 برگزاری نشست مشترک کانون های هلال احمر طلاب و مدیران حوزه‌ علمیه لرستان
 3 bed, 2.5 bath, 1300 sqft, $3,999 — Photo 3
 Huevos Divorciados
* * *
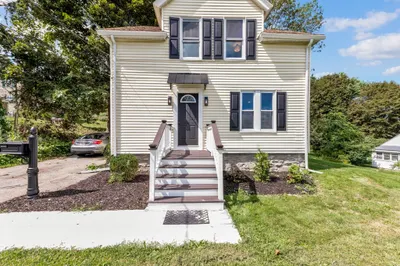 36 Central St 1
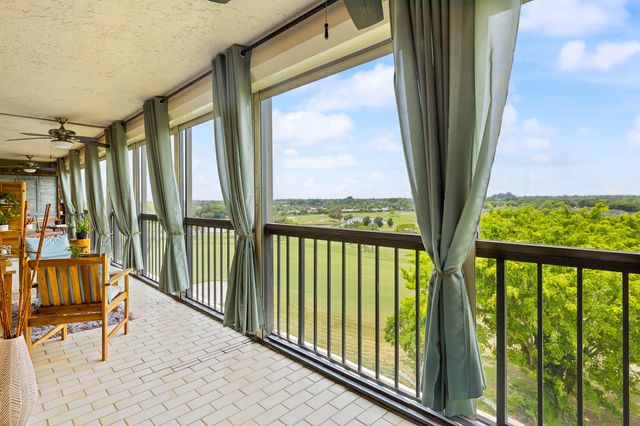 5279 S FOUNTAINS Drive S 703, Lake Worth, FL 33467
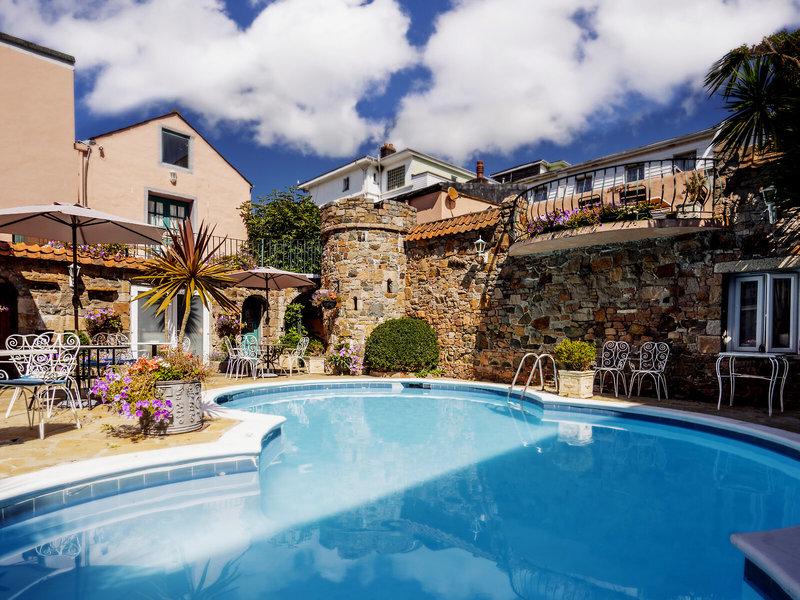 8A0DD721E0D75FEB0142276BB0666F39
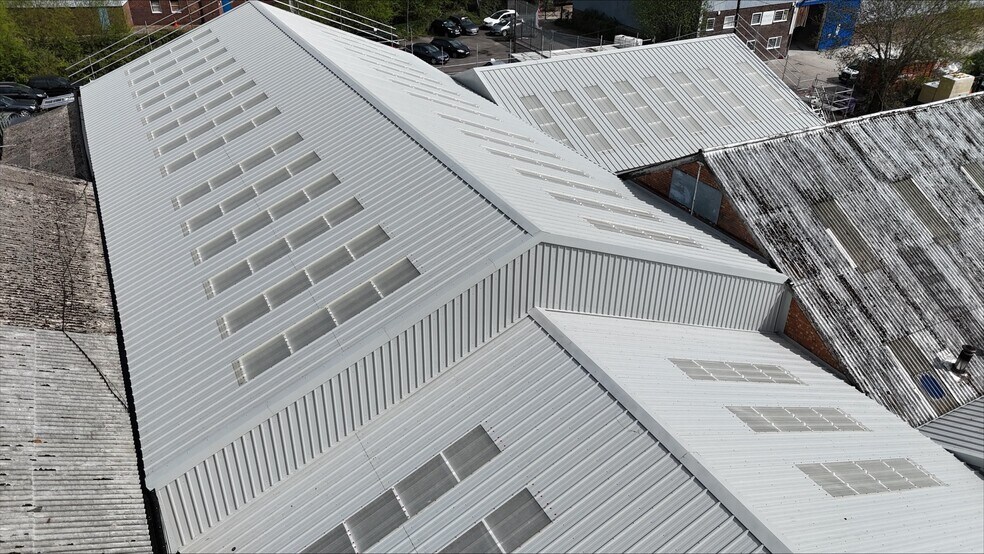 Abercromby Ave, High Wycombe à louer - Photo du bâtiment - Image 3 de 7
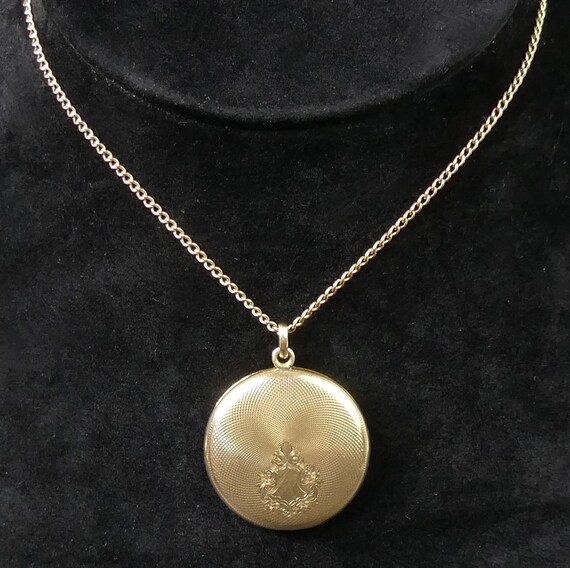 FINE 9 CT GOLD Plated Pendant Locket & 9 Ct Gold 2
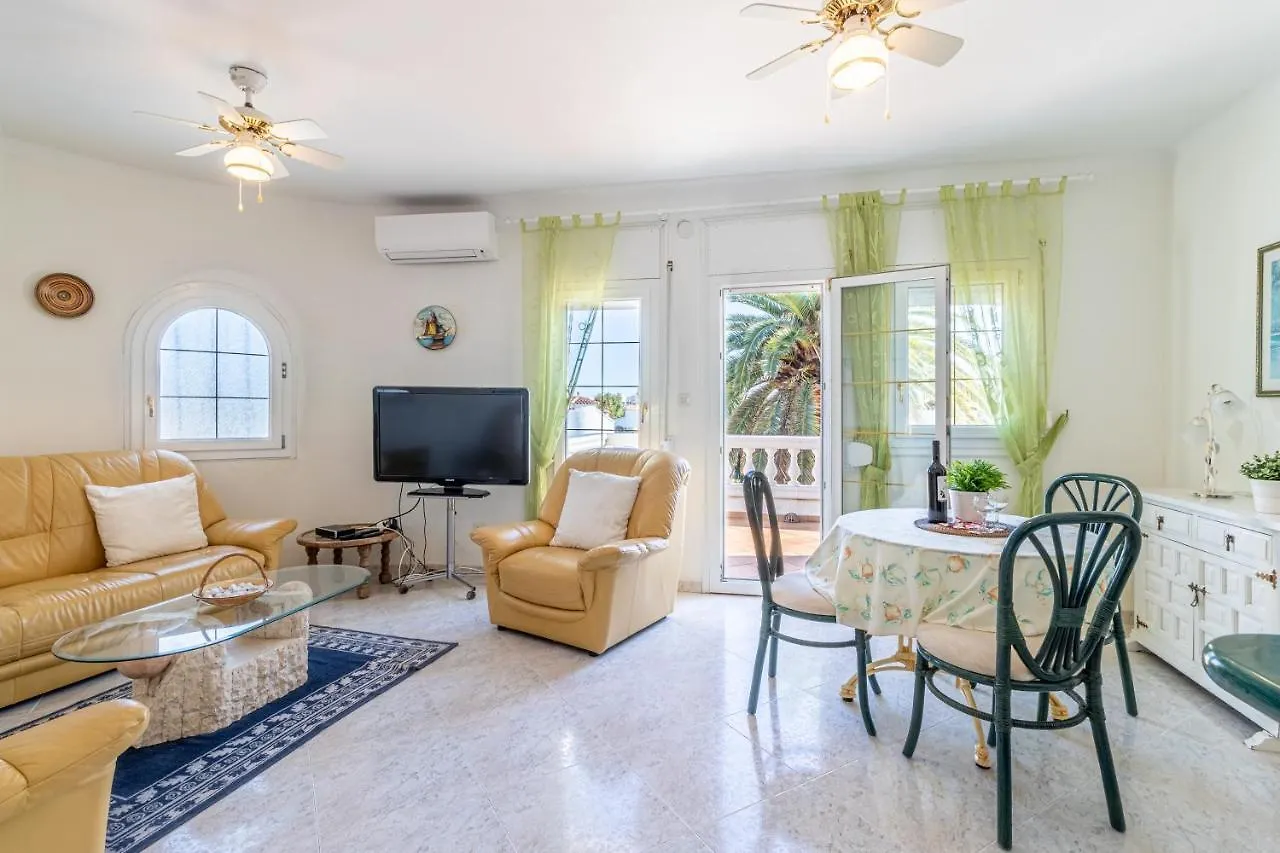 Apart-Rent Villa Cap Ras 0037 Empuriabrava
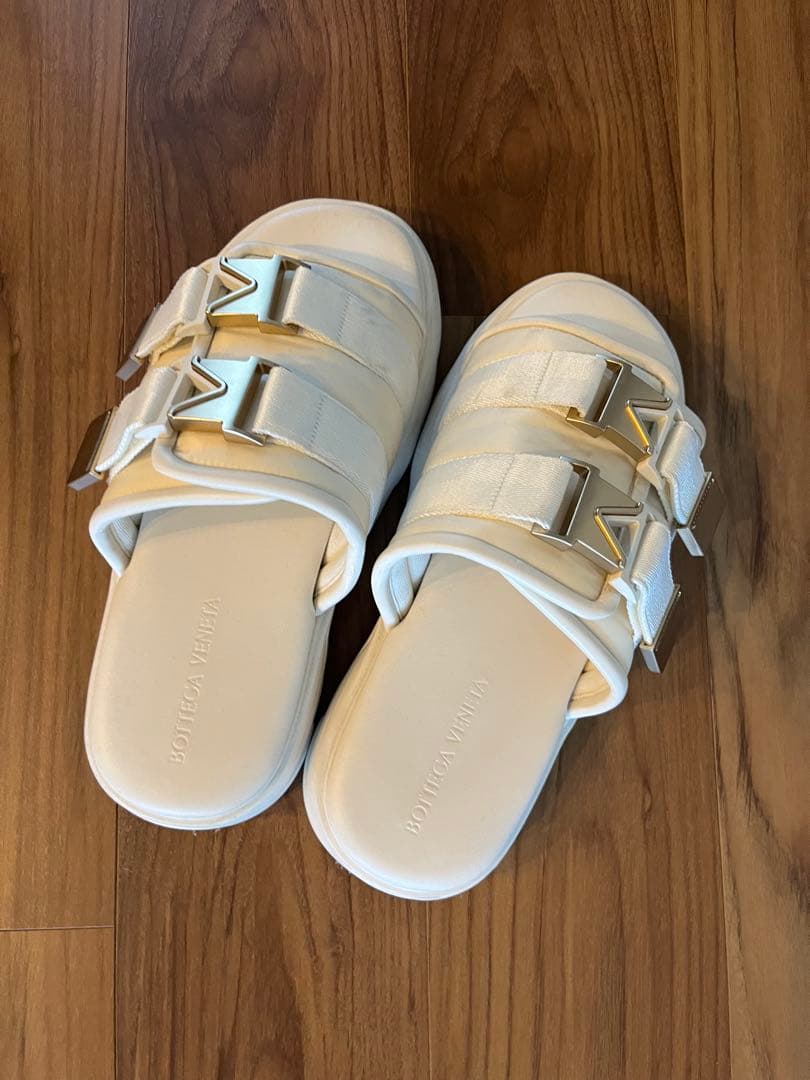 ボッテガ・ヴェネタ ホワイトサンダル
--
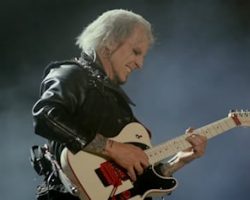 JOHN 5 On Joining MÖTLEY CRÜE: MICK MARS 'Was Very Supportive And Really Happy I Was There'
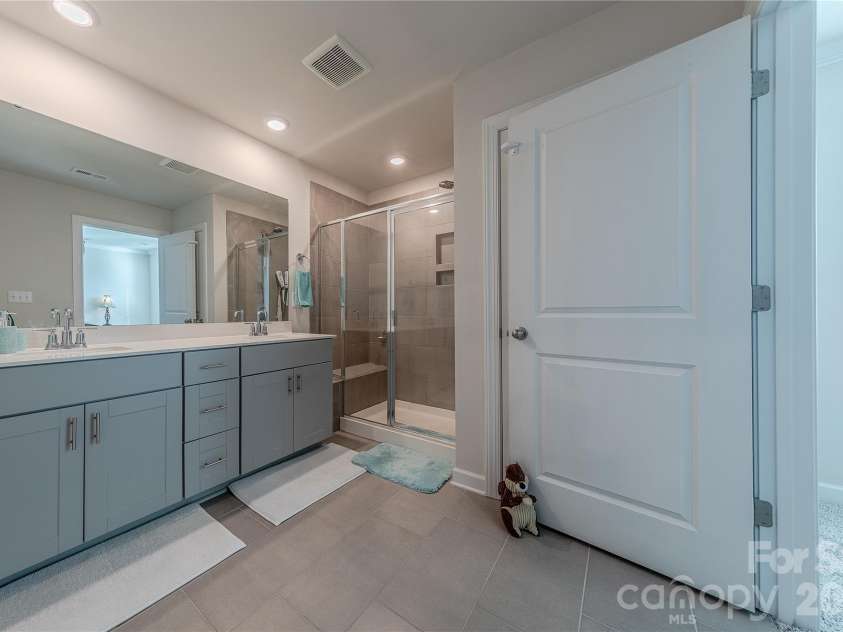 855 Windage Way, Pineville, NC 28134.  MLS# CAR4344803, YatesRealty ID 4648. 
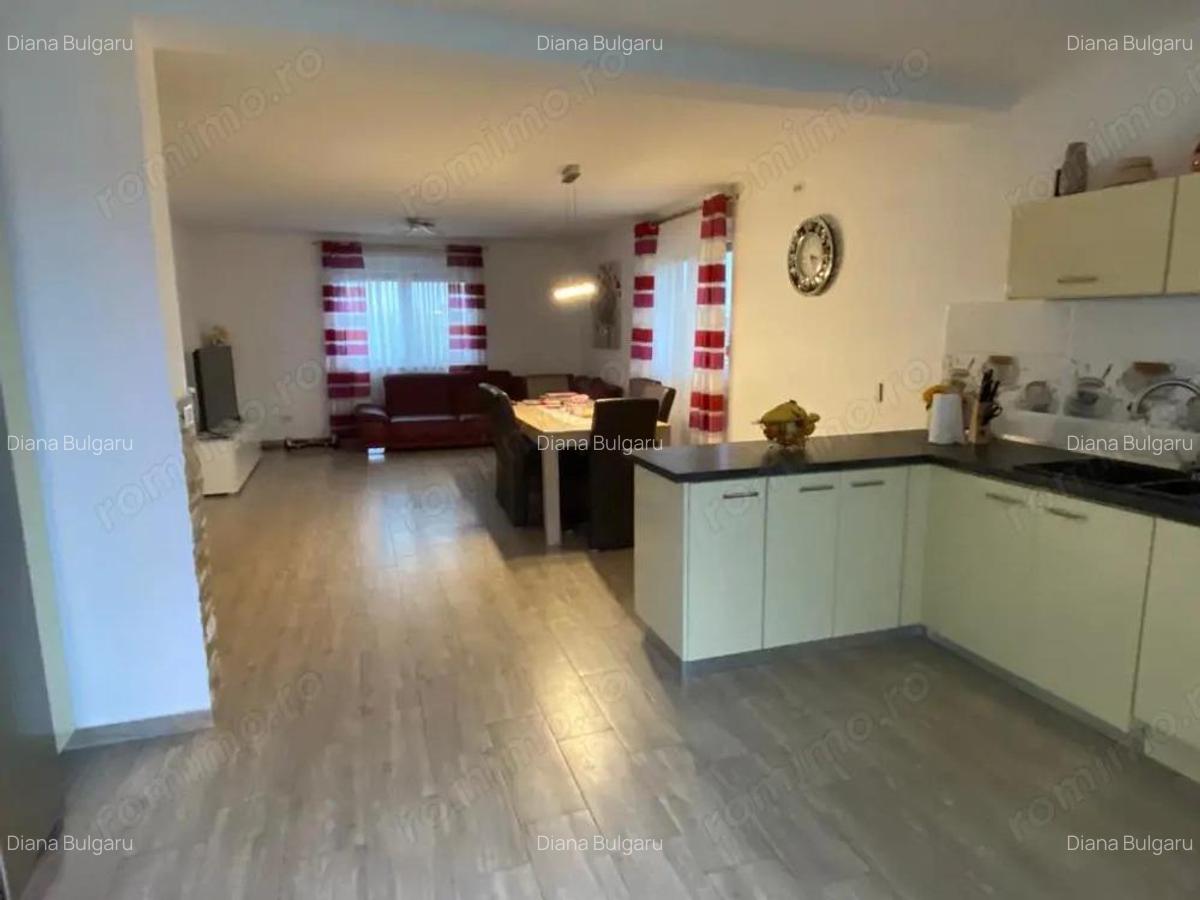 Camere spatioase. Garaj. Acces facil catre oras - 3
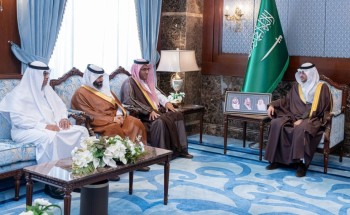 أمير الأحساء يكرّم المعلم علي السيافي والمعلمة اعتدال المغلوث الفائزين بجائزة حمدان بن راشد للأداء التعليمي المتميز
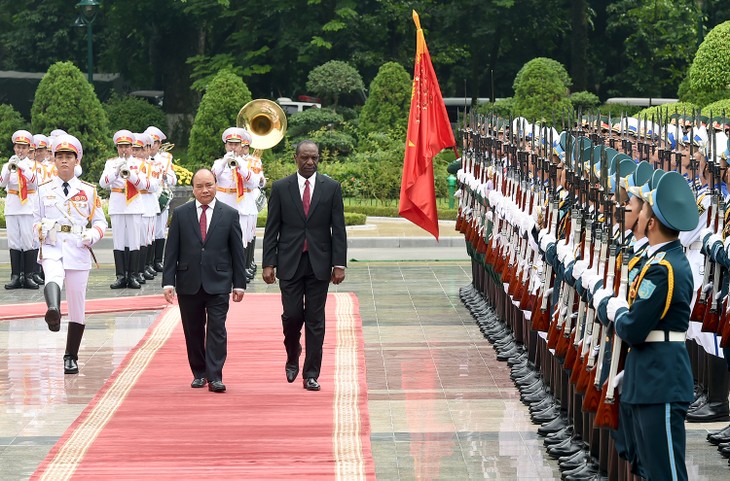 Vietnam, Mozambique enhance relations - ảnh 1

> [Task prompt]: Wherever the line holding "برگزاری نشست مشترک" falls in the entries above, copy exactly from it through the line holding "Huevos Divorciados", inclusive, and add nothing.

> [Your solution]:
 برگزاری نشست مشترک کانون های هلال احمر طلاب و مدیران حوزه‌ علمیه لرستان
 3 bed, 2.5 bath, 1300 sqft, $3,999 — Photo 3
 Huevos Divorciados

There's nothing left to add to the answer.